Making television is fun, especially when you’re also making miracles.
NBC’s George to the Rescue is more than just an Emmy-winning human interest/home renovation TV series. It’s a living, breathing organism greater than the sum of its hearts. While nobody has a bigger heart than our peerless leader, George Oliphant, our team’s collective heartbeat is what makes this little show the biggest miracle I’ll ever be a part of.
Eight seasons of surprises, smiles, and tears reveal how passion and purpose can dramatically enrich countless lives. To date, we’ve spearheaded and showcased nearly ninety transformations in ten states for deserving families facing physical, emotional, financial, and spatial hardships. These families often include public servants who regularly give back to their respective communities.

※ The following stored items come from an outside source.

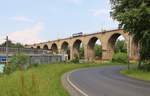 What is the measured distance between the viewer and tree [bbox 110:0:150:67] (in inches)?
1727

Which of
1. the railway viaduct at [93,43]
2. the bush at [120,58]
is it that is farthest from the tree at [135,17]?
the bush at [120,58]

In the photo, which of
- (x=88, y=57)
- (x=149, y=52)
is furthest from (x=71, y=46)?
(x=149, y=52)

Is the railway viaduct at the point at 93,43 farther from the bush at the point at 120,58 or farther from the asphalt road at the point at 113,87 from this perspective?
the asphalt road at the point at 113,87

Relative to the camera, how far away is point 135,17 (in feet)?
144

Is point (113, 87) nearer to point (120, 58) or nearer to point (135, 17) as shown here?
point (135, 17)

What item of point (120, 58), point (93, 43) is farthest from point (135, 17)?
point (93, 43)

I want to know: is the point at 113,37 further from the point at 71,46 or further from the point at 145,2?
the point at 145,2

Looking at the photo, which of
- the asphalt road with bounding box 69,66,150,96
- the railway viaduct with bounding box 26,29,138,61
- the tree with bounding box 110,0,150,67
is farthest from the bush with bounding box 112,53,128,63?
the asphalt road with bounding box 69,66,150,96

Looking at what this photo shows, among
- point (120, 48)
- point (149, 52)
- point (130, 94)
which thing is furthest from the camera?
point (120, 48)

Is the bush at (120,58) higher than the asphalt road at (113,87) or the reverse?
higher

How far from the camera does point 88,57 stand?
135250 mm

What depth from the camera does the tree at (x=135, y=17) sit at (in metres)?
43.9

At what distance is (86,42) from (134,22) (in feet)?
289

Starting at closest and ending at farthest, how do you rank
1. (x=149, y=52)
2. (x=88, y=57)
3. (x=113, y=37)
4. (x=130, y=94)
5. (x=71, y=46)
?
1. (x=130, y=94)
2. (x=149, y=52)
3. (x=113, y=37)
4. (x=88, y=57)
5. (x=71, y=46) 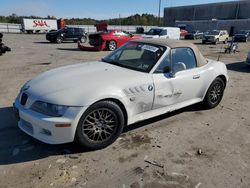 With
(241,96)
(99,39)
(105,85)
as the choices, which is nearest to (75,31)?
(99,39)

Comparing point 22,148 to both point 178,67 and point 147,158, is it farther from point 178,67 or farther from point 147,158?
point 178,67

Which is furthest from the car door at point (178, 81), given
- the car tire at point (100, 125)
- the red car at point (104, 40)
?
the red car at point (104, 40)

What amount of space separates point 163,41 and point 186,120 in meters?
1.60

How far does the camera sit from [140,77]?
394 centimetres

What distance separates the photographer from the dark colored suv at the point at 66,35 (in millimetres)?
22906

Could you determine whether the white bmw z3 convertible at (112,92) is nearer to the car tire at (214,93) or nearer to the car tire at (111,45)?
the car tire at (214,93)

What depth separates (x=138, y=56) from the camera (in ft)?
15.2

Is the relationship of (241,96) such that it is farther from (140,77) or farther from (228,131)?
(140,77)

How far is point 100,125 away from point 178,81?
1.68 m

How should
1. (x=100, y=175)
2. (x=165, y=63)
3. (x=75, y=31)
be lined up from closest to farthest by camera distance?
(x=100, y=175) < (x=165, y=63) < (x=75, y=31)

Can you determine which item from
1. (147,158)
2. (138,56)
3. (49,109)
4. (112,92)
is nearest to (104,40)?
(138,56)

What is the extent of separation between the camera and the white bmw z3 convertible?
3.28 meters

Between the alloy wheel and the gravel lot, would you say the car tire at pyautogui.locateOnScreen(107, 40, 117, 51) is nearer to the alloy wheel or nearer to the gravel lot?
the gravel lot

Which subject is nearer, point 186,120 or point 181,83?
point 181,83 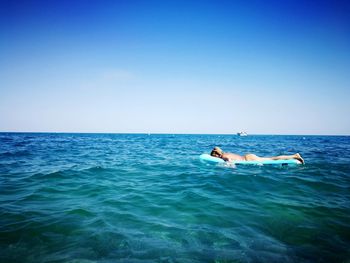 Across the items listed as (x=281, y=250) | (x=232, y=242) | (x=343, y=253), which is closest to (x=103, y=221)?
(x=232, y=242)

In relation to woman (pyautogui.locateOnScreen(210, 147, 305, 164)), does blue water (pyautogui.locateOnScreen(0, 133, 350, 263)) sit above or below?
below

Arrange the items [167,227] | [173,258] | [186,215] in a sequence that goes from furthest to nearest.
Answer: [186,215], [167,227], [173,258]

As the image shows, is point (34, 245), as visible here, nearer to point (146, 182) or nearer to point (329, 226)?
point (146, 182)

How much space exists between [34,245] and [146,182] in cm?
432

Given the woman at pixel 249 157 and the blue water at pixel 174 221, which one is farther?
the woman at pixel 249 157

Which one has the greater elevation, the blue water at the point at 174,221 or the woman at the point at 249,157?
the woman at the point at 249,157

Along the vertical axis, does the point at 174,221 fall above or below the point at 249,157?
below

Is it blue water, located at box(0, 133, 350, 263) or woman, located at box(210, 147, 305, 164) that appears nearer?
blue water, located at box(0, 133, 350, 263)

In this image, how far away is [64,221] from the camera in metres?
3.94

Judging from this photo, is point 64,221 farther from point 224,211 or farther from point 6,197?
point 224,211

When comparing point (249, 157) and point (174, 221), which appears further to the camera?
point (249, 157)

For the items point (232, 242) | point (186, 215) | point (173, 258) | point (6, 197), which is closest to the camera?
point (173, 258)

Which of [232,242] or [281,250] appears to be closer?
[281,250]

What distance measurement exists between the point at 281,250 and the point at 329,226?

Whether supporting a three-time Purple Heart recipient in Compton, a loving mother/teacher battling ALS, or a recently paralyzed olympic gold medalist, every new George to the Rescue story extends a professional narrative that feels uniquely personal.
Although our remarkably lean and scrappy production team faces budgetary, manpower, and technical challenges, our desire to illuminate goodness consistently drives us towards greatness. Accolades are humbling (our recent trip to the national Daytime Emmys felt like Gonzaga’s bittersweet 2017 Final Four appearance), but belonging to such an eclectic and inclusive workplace family is a special gift.
Gifts are really what make the magic happen. Substantial donations of materials, talent, and time (from local/loyal contractors, designers, town officials, suppliers, and viewers) help create reality TV that’s surreal. Unrivaled generosity and selflessness allow us to simultaneously build lasting experiences, homes, and relationships.
It sometimes feels like I have a symbiotic relationship with this endeavor. I joined as a 2010 summer intern, just as George to the Rescue was transitioning from an existing show segment to a standalone program. Since being hired as the production assistant in 2011, I’ve gradually evolved into a self-sufficient producer and adult. George, my production mentor/supervisor (Andrew Scerbo), our resourceful editors, steadfast executives, and visionary shooters have taught me more about creativity, empathy, leadership, self-reflection, and willpower than I could ever imagine. I try to appreciate, apply, and spread their values every single day. I know I’ll continue to do so for the rest of my career and life.
While it’s impossible to foresee how much longer my George to the Rescue run will continue, I’m eternally grateful for the opportunity to make meaningful entertainment that illuminates humanity’s most essential values – compassion and togetherness. This rare ability to positively influence culture is hard to walk away from.
The best first job I’ll ever have will surely be a tough act to follow.